Verweerder heeft erkend dat het beter was geweest als hij de bevindingen die tot het diagnostische oordeel hebben geleid allemaal expliciet in 11.2 had opgenomen, zodat duidelijker was geweest op basis van welk totaal aan factoren de diagnose bij klager is gesteld. Verweerder heeft dit naar zijn zeggen opgevat als leerpunt en zijn werkwijze daarop aangepast. Volgens verweerder heeft hij ook van deze klacht geleerd dat het in veel gevallen nuttig is om de eerst verkregen informatie in het rapport te laten staan en de aanvullend verstrekte informatie toe te voegen en, als deze aanvullende informatie leidt tot wijziging van de dragende argumenten, kritisch te beoordelen of de conclusie nog voldoende beargumenteerd en ondersteund is. Gelet op de aard van het tuchtrechtelijk verwijtbare handelen van verweerder, het feit dat het onderzoek en de conclusies van het rapport niet als onzorgvuldig of onjuist kunnen worden beschouwd, het ter zitting door verweerder getoonde inzicht en zijn aangepaste werkwijze, ziet het college aanleiding om in dit geval geen maatregel op te leggen.

6. De beslissing

Het college:

- verklaart klachtonderdeel 3 gedeeltelijk gegrond als hiervoor genoemd;

- bepaalt dat geen maatregel wordt opgelegd;

- verklaart de klacht voor het overige ongegrond.

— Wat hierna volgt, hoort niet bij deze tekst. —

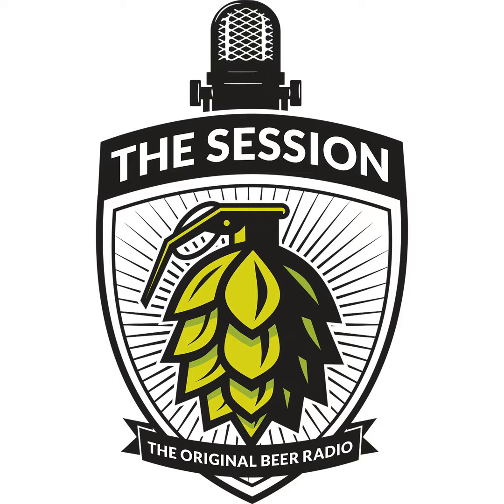Hello fellow homebrewers, JP here, and I want to introduce to you the brand new BrewBuilt X1 Conical Series available at Moorbeer.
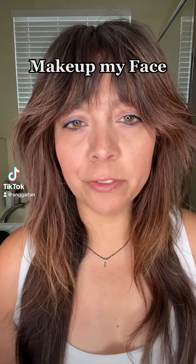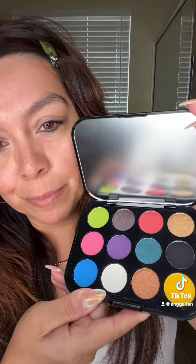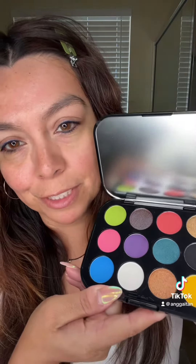Let's do my makeup. I'm going to create some content for you guys. I want to use a little bit of color — I'm thinking green. So this is the look I'm going to try to recreate and I have just the palette for it. I have not had a chance to use this MAC palette, but look at how beautiful it is. I'm going to use this today. I think that green is going to be perfect for this look.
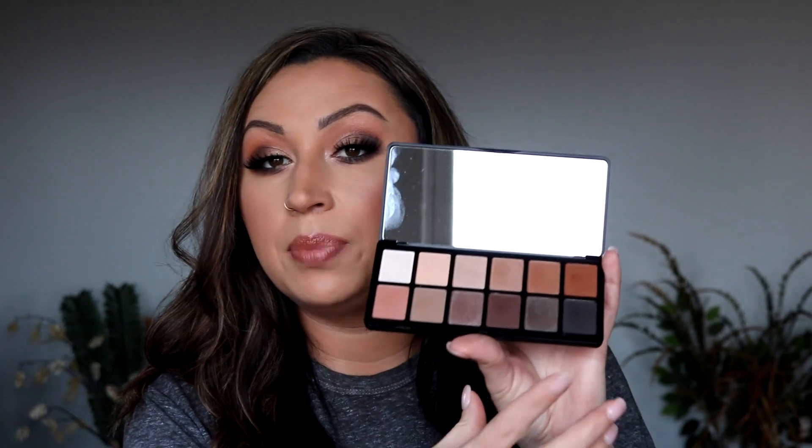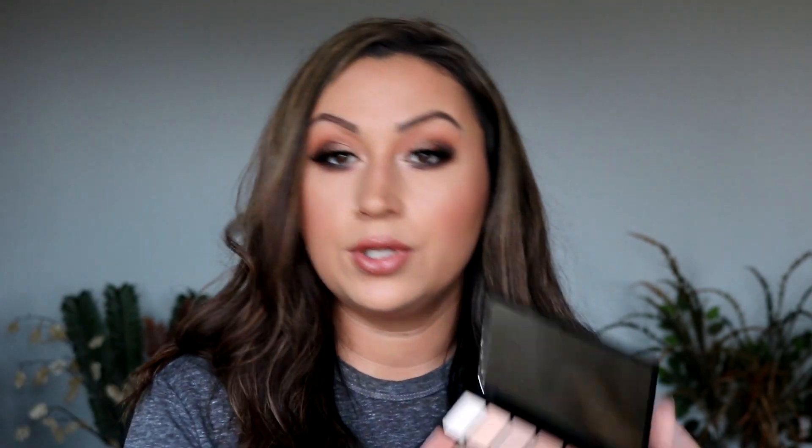I've got Rimmel Spice lip liner on with a gloss on top. I really really like this palette — I've used every shade. The black isn't the blackest black but I really like it. Everything blends out nicely. For $10.99 I'm really surprised at the quality because I had never used LA Girl eyeshadows before.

Aldus beslist door E.C.M. de Klerk, voorzitter, N.B. Verkleij, lid-jurist, P.D. Meesters, A.E. van der Waal en J.M.C. van Dam, leden-beroepsgenoten, in aanwezigheid van I.W.M. Dirksen, secretaris, en uitgesproken door N.B. Verkleij op 29 juli 2020 in aanwezigheid van I.H.M. van Rijn, secretaris.